Das Piraterie-Problem hat sich vom Osten in den Westen Afrikas verlegt. Den Küstenstaaten fehlt eine starke Küstenwache.

Schon ein kurzer Blick auf die ständig aufdatierten Karten des Internationalen Marinebüros (IMB) in London zeigen, wo das Problem liegt: Der Golf von Guinea, die westafrikanische Küste zwischen Kamerun und der Elfenbeinküste, ist derzeit das piratenverseuchteste Gebiet der Welt. 72 Schiffe wurden 2018 dort gekapert, eine Verdreifachung binnen weniger Jahre.

Karte von der westafrikanischen Küste
Legende: Auch 2019 wurden wieder viele Seeüberfälle im Golf von Guinea, vor allem beim Nigerdelta, dokumentiert. Orange: Geenterte Schiffe, Rot: Gekidnappte Schiffe, Blau: Beschossene Schiffe Screenshot IMB

Neunzig Prozent aller Seeüberfälle fanden voriges Jahr dort statt. Bereits dreissig Kaperungen gab es in den ersten Monaten des laufenden Jahres. Dazu kommt eine beträchtliche Dunkelziffer. Neu sei das Problem vor Westafrika nicht, sagt Pottengal Mukundan, der Direktor von IMB.

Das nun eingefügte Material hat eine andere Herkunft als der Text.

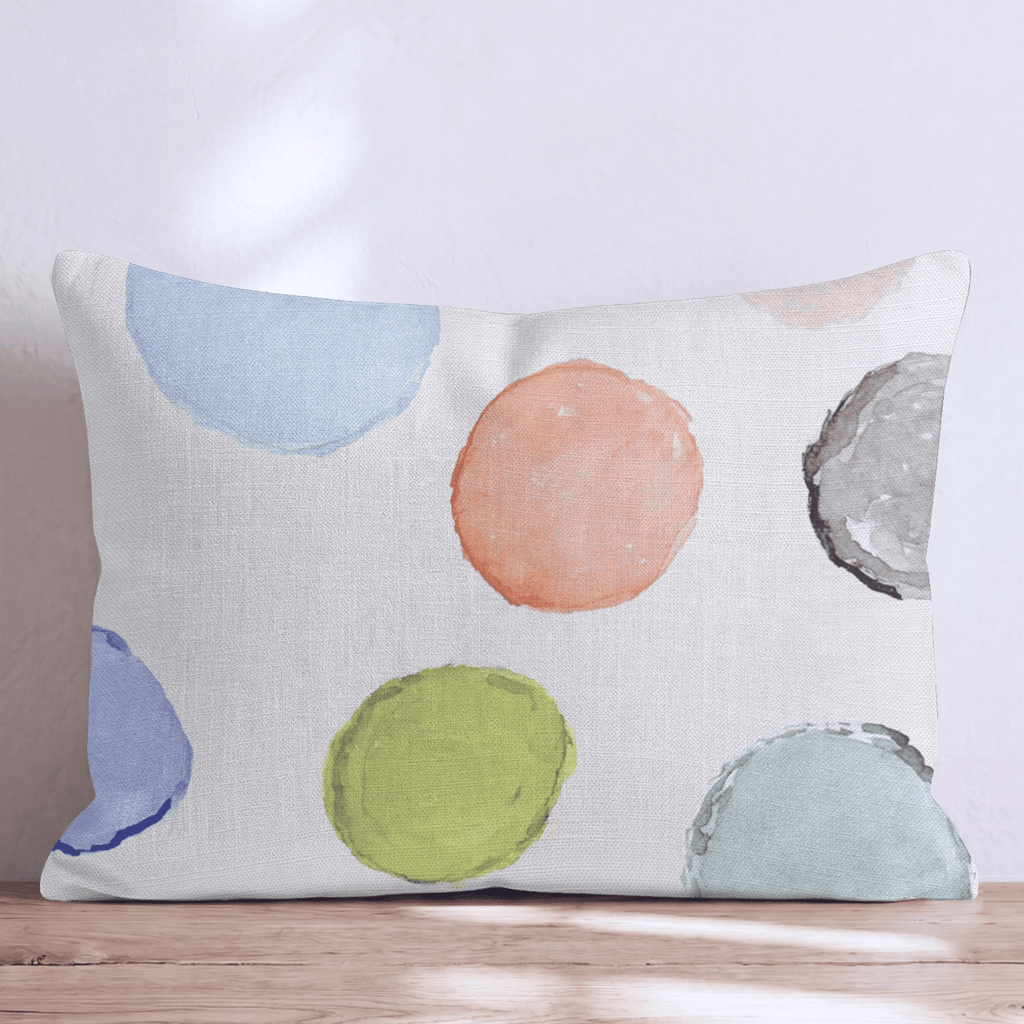 Watercolor Dot Confetti Throw Pillow - Hillcroft Home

Doch die Lage habe sich zugespitzt: Mehr Kaperungen, neuerdings oft auch auf hoher See, und mehr Geiselnahmen von Seeleuten. «Das Erpressen von Lösegeldern ist die lukrativste Form der Seeräuberei», so Mukundan. Festgehalten werden die Geiseln oft im Nigerdelta, wo sich viele kriminelle Akteure und politische Banden tummeln und das von Nigeria bis heute nicht wirklich kontrolliert wird.

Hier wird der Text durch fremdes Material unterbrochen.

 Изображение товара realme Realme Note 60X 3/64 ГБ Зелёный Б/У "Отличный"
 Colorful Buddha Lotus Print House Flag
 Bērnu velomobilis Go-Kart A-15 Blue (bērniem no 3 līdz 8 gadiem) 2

Piraterie blüht dort, wo sie kaum bekämpft wird

Früher ging es den westafrikanischen Piraten vor allem um die Schiffe selber und deren Ladung, hauptsächlich Öl. Das Verhökern von erbeuteten Schiffen und deren Fracht ist jedoch mit logistischen Umtrieben verbunden. Lösegelderpressungen sind einfacher und einträglicher. Piraten sind Opportunisten.

Sie sind es auch in anderer Hinsicht: Die Piraterie blüht nämlich stets dort, wo sie kaum bekämpft wird. Früher lag der Brennpunkt an der Strasse von Malakka zwischen Malaysia und Indonesien. Bis die südostasiatischen Staaten ihre Küstenwachen aufrüsteten und sich untereinander koordinierten.

Männer an Bord
Legende: Seeleute an Deck eines französischen Flaggschiffs der «EU Navfor» im Golf von Aden vor Somalia. Verschiedene Staaten bekämpfen die Piraterie in der Region seit mehreren Jahren mit Erfolg. Keystone/Archiv

Anfang dieses Jahrhunderts boten sich am Horn von Afrika ideale Voraussetzungen für Seeräuber. Das Bürgerkriegsland Somalia war gar nicht und der gegenüberliegende Jemen kaum imstande, ihrem Treiben Einhalt zu gebieten. Doch dann sandten mehr als ein Dutzend – vor allem europäische – Staaten Kriegsschiffe in die Region und bekämpften die Piraterie dort erfolgreich. Sie tun das bis heute.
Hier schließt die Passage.